Quote (keiths @ Oct. 17 2009,20:22)
 
Quote (khan @ Oct. 17 2009,16:42)
"Why is a raven like a writing desk?"

a) Lewis Carroll: Because it can produce a few notes, tho they are very flat; and it is nevar put with the wrong end in front!

b) Sam Loyd: Poe wrote on both.

Because neither are a yellow banana, apparently.

I think I love you.

:D

Well give him a PotW then.  Please.

Is that a banana in his pocket or is he just glad to see him?

--------------
AtBC Award for Thoroughness in the Face of Creationism

  
deadman_932



Posts: 3094
Joined: May 2006

(Permalink) Posted: Oct. 18 2009,16:01   

Thanks to keiths, raevmo, R.B. et al for the raven discussion. I'd read Hempel and Suppe, Kuhn, etc. on Philosophy in the Natural Sciences, back when "post-processualism" (PoMo) was all the rage in the social sciences and I was getting a better handle on the hypothetico-deductive view  

But I really didn't know/recall the raven paradox. Wikipedia acturally had a  good page on it and the Bayesian touch was useful in looking at this twist on the problem of induction.

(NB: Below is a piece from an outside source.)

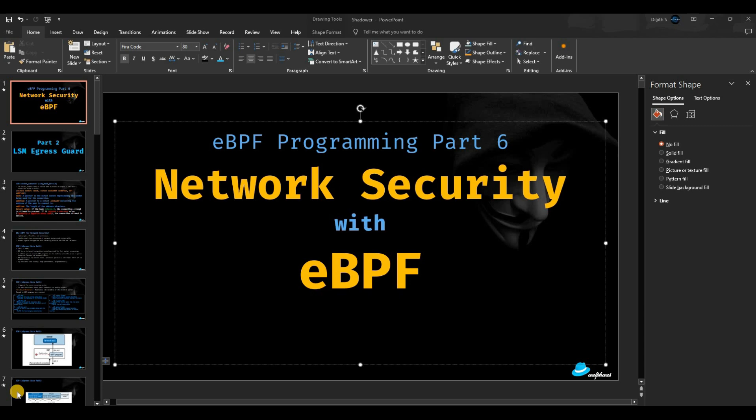Hello guys, welcome back to another episode of eBPF programming. This is part 6, we'll be exploring a bit more on the network security side. In part 5, we explored XDP with eBPF and developed a lightweight firewall kind of application that works on incoming packets. Today we'll be digging a bit deeper.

Using Google, I can see there's a lot else that I've missed, though, so it's off to Amazon for me. Damn you all for making me feel inadequately informed, thus forcing me to learn.

Bastards.

--------------
AtBC Award for Thoroughness in the Face of Creationism

  
Reciprocating Bill



Posts: 4265
Joined: Oct. 2006

(Permalink) Posted: Oct. 18 2009,17:16   

I'm much more accustomed to Fisherian hypothesis testing, relative to which this stuff is a bit alien. But it's interesting stuff.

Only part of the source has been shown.